**WHAT NEEDS TO BE DONE:** Type out the lines below exactly, pictures excluded.
START DATA
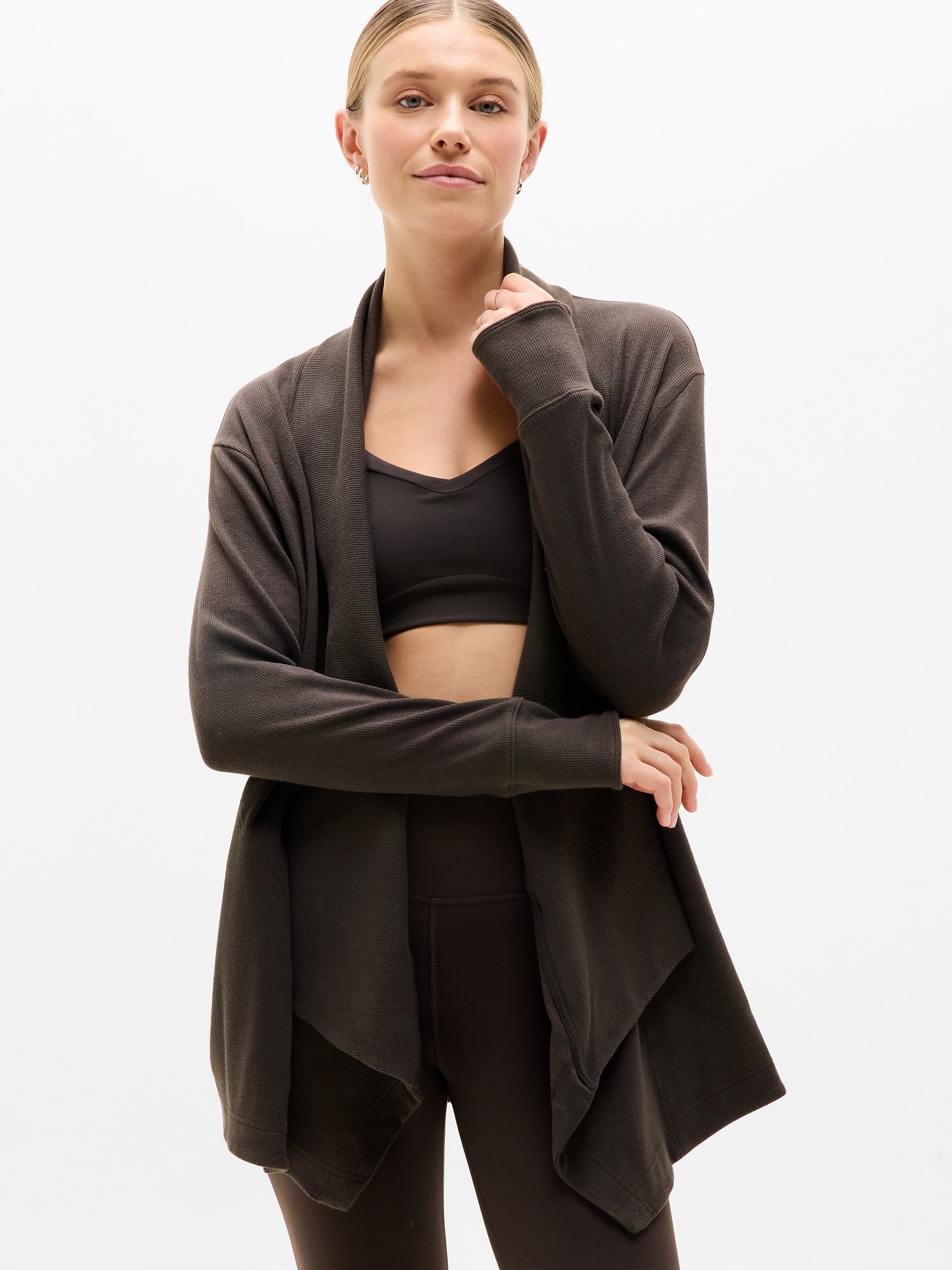 Athleta Pranayama Restore Rib Wrap In Brown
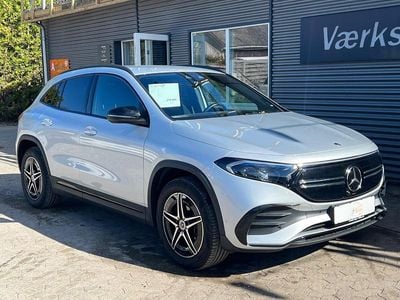 Sølvmetal Brugt 2023 Mercedes EQA250 AMG line SUV | 279.900 kr. (Fair pris)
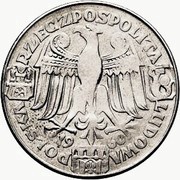 100 Zlotys Polish Millennium Trial Strike Ns,CuNiZn faces right with 100zl large eagle obverse image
END DATA
**PROBLEM SOLUTION:**
 Athleta Pranayama Restore Rib Wrap In Brown
 Sølvmetal Brugt 2023 Mercedes EQA250 AMG line SUV | 279.900 kr. (Fair pris)
 100 Zlotys Polish Millennium Trial Strike Ns,CuNiZn faces right with 100zl large eagle obverse image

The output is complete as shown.